里香は少し考え込んでから、ゆっくりと口を開いた。「ちゃんと調べてみるよ。もし本当にあなたが濡れ衣を着せられているなら、私が助けてあげるから」

啓はその場で崩れ落ち、泣き出した。「里香、本当にありがとう!」

でも、里香の心は複雑だった。

もし啓が、山本おじさんが金のために彼を見捨てたことを知ったら、どんな気持ちになるだろう?

同時に、里香の胸には冷たい疑念が湧いてきた。

もしこれが誰かの仕組んだ罠だとしたら、そいつの目的は一体何だろう?なぜ、わざわざ一介の運転手を狙う必要があったのか?

外に出ると、冷えた身体に少し暖かさが戻ってきたのを感じた。別荘の庭に目を向け、そのまままっすぐ進んだ。

まだ帰るわけにはいかない。雅之と会って、きちんと話をつけなきゃ。

庭は相変わらず騒がしく、人々が集まっていた。里香が突然姿を現すと、皆一瞬驚いたように固まり、次に驚きと軽蔑が入り混じった視線を彼女に向けた。

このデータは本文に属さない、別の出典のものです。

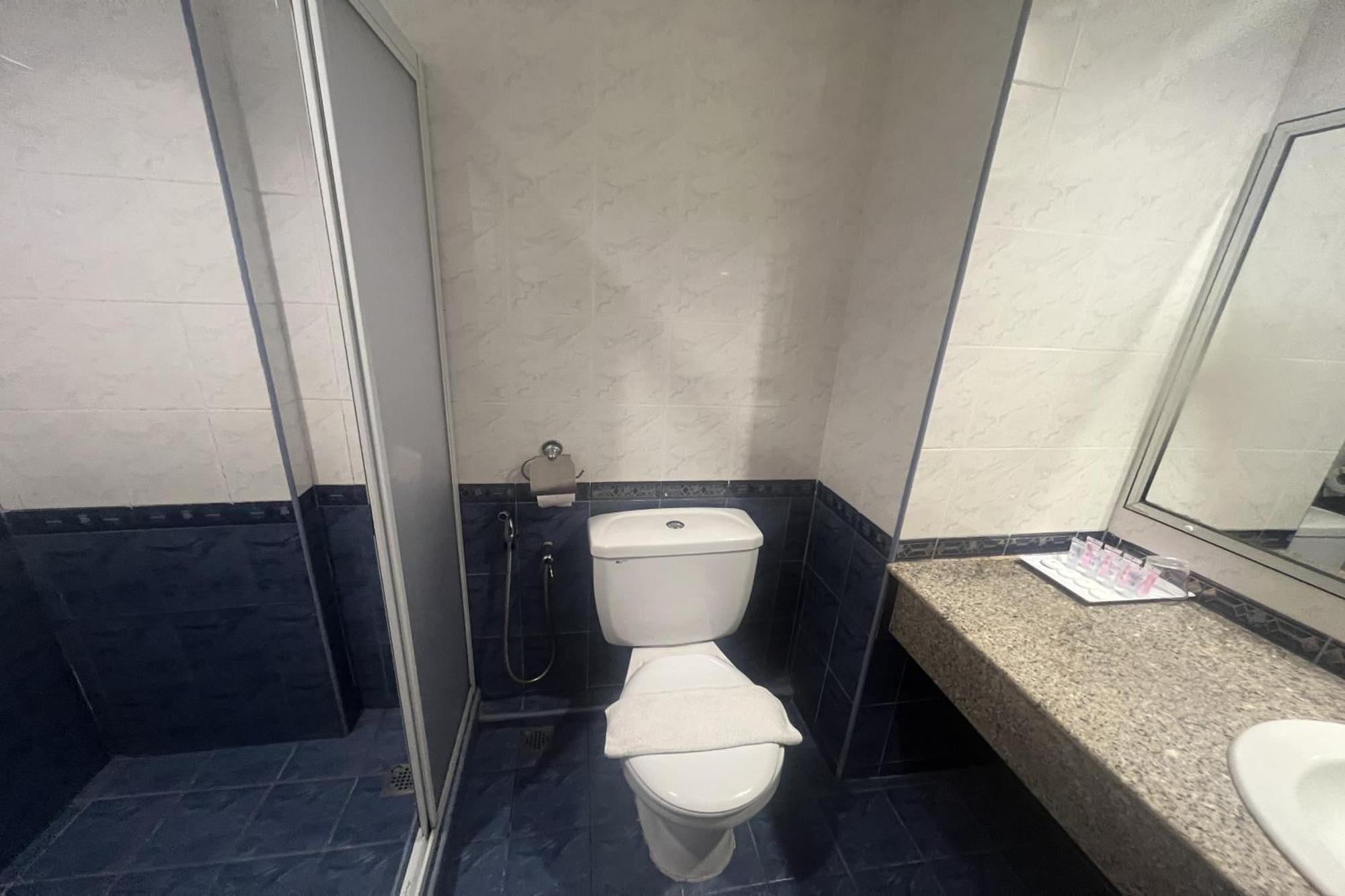 Iris House Hotel Brinchang Bagian luar foto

今の里香の姿はかなりみすぼらしい。ドレスは汚れ、髪も乱れていて、顔や腕には埃や泥がついている。まるで地面から這い出てきたみたいだった。

そんな里香を見て、召使いが青ざめ、前に出てきて止めようとした。「誰が出てきていいって言ったんです?早く中に戻って!」

里香はその召使いを押しのけて、はっきりと言い放った。「私は二宮家の三男の妻よ。なんで私が止められなきゃいけないの?」

召使いは驚いたように目を見開き、呆然と彼女を見つめたが、里香は気にもせずそのまま進んでいき、雅之の姿を見つけた。

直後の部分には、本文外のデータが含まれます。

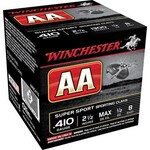 Winchester Winchester AA 410ga 2 1/2", 1/2oz, #8 (AASC418)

「雅之、お前の嫁、どうしたんだ?難民みたいな格好して」と、隣に立っていた月宮が里香を見て嘲笑気味に言った。

その言葉に反応して、雅之もこちらに視線を向けてきた。

里香の様子を目にした瞬間、彼の表情が険しく曇り、彼女に向かって歩いてきた。

「どうしたんだ、一体?」

目の前の冷たく美しい雰囲気の男を見ながら、里香は怒りをぐっとこらえ、尋ねた。「啓のこと、ちゃんと調べたの?」

雅之の眉間にさらに深い皺が寄った。「あの件ならもう済んだだろ?忘れたのか?」

もちろん、忘れてなんかいない。当時、里香は雅之と賭けをして、もし自分が勝てば啓を解放してもらうと約束した。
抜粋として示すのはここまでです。